**Instructions to follow**
Exclude the pictures, then quote exactly the lines from the one holding "this 720×420 image." through the last line of the records.

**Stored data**
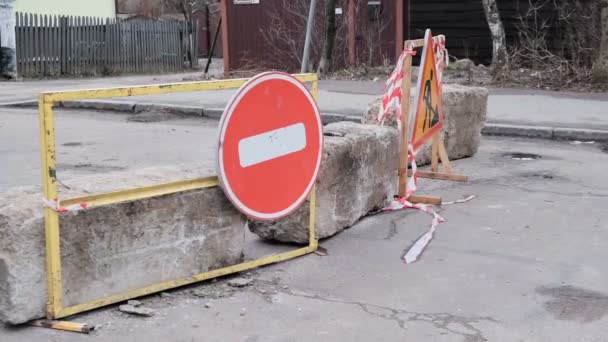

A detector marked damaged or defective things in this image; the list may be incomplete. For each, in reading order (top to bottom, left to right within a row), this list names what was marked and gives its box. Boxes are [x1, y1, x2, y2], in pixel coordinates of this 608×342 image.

cracked asphalt [1, 111, 608, 340]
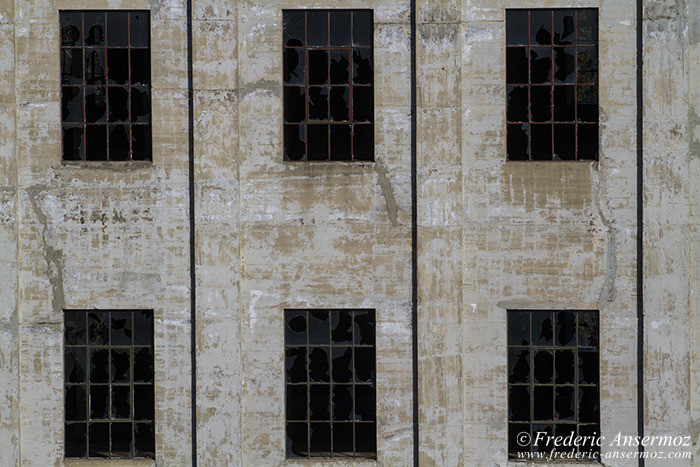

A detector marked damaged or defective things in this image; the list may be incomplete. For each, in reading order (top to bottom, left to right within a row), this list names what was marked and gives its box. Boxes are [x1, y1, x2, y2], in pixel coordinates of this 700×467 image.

broken window pane [61, 10, 152, 162]
crack in concrete [26, 186, 64, 314]
crack in concrete [372, 160, 400, 228]
crack in concrete [592, 166, 616, 308]
broken window pane [64, 308, 154, 458]
broken window pane [284, 308, 374, 458]
broken window pane [508, 310, 600, 460]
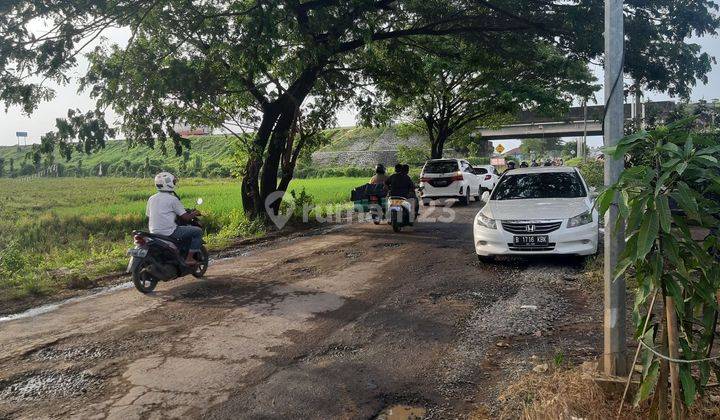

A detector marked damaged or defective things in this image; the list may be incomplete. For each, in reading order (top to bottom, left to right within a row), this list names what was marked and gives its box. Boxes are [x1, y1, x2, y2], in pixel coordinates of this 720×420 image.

damaged road surface [0, 203, 600, 416]
pothole [0, 370, 102, 400]
pothole [376, 404, 428, 420]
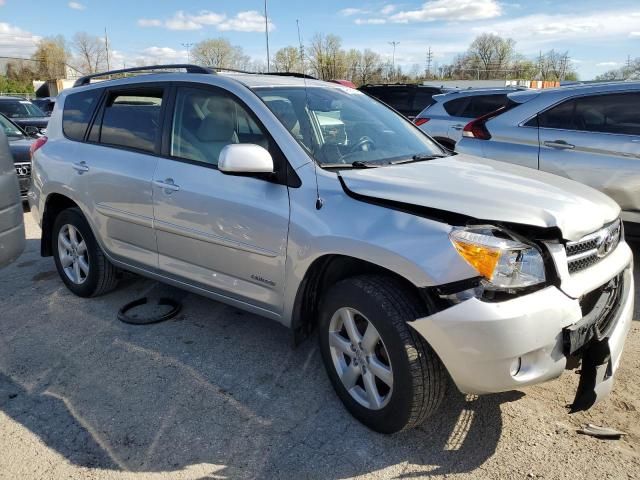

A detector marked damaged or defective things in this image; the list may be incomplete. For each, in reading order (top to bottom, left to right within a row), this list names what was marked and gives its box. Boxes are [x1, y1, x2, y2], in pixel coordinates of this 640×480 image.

crumpled hood [340, 153, 620, 240]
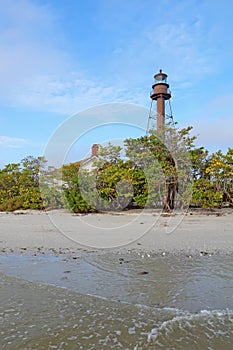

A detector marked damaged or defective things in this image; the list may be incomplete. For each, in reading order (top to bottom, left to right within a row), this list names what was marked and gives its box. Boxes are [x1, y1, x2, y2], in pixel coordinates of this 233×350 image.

rusty metal tower [147, 69, 172, 135]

**Completed task**
A detector marked damaged or defective things in this image; the list may be incomplete. For each, in reading order (top to bottom, left to right within a row), this list names what was marked and gives its box. Boxes are [x1, y1, x2, y2], in pixel coordinates of this 720×420 image.

damaged road surface [0, 203, 600, 416]
pothole [0, 370, 102, 400]
pothole [376, 404, 428, 420]

A detector marked damaged or defective things in this image; the list may be incomplete. For each, in reading order (top to bottom, left to right within a row), this list names what was marked and gives its box. Boxes are [x1, y1, x2, y2], in pixel coordinates of this 640×480 image.

crumpled hood [340, 153, 620, 240]

A detector marked damaged or defective things in this image; the list may be incomplete. For each, in reading order (top to bottom, left to right within a row), this list names what was marked and gives its box. Boxes are [x1, y1, x2, y2], in pixel coordinates of this 233×350 image.

rusty metal tower [147, 69, 172, 135]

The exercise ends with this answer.